I must have mentioned before that I spent a summer during college as a volunteer at a local Planned Parenthood. It was a good place with good people, and not the creepy place pro-lifers depict ... I spent my time there answering phoned in questions about birth control and later as an aid in the vasectomy clinic. Planned Parenthood is now one of the few places left where women can get full reproductive care that includes abortion.

Wednesday, September 06, 2017

New survey: religion and politics

According to a new poll, White Christians are now a minority group in America. They dominate the Republican party (73%) but the Democratic party has just 29% ... The stark racial and religious divide between Democrats and Republicans, in one chart. So I guess the Democratic party is actually more representative of the country as a whole.

America’s Changing Religious Identity ...

[...] White evangelical Protestants and Mormons are the most conservative religious groups in the country. More than six in ten (62%) white evangelical Protestants and a majority (57%) of Mormons identify as politically conservative. Liberals make up only 12% and 15%, respectively, of these religious traditions. White mainline Protestants also lean more conservative than liberal (38% vs. 25%, respectively), while white Catholics are about twice as likely to identify as conservative than liberal (42% vs. 22%, respectively).

There is wide variation in the political ideology of nonwhite Christian groups. Despite their strong Democratic leanings, black Protestants are about as likely to be conservative (30%) as they are to be liberal (29%).

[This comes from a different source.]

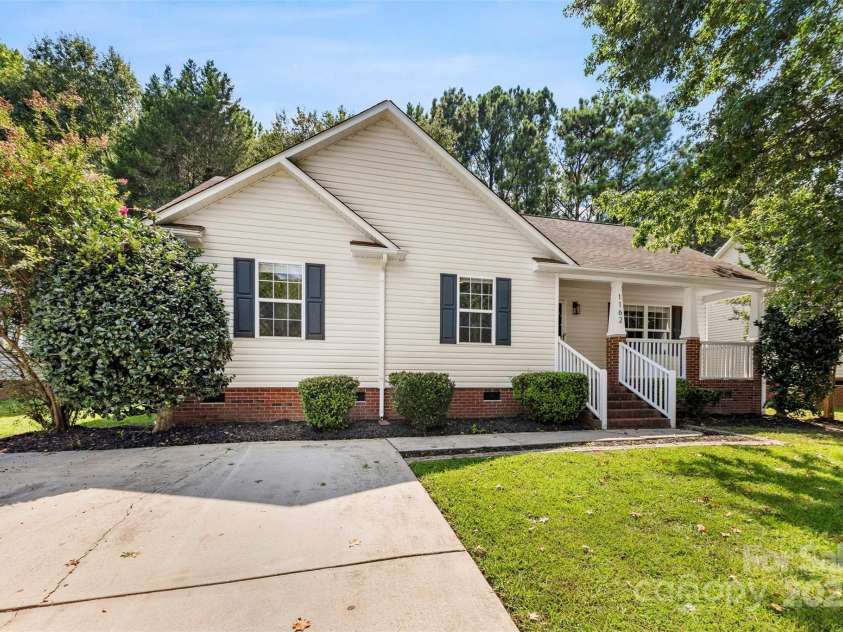 1162 Allison Bluff Trail, Rock Hill, SC 29732.  MLS# CAR4300016, YatesRealty ID 12046.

Similarly, Hispanic Protestants are about equally as likely to identify as conservative (33%) and liberal (29%). Hispanic Protestants are much more likely to be conservative than they are to be liberal (41% vs. 23%, respectively).

Non-Christian communities are more liberal leaning. Close to half of Jews (45%), Buddhists (48%), and Hindus (45%) identify as liberal; significantly fewer Jews (27%), Buddhists (17%), and Hindus (16%) identify as conservative. Muslims are also more likely to identify as liberal (38%) than they are to identify as conservative (20%). Religiously unaffiliated Americans also lean liberal in their politics. More than four in ten (43%) identify as liberal, while 21% are conservative ....


Maybe this explains why I don't really fit in the Catholic church ... there are liberal Catholic Democrats, but they're thin on the ground and I've only met a few.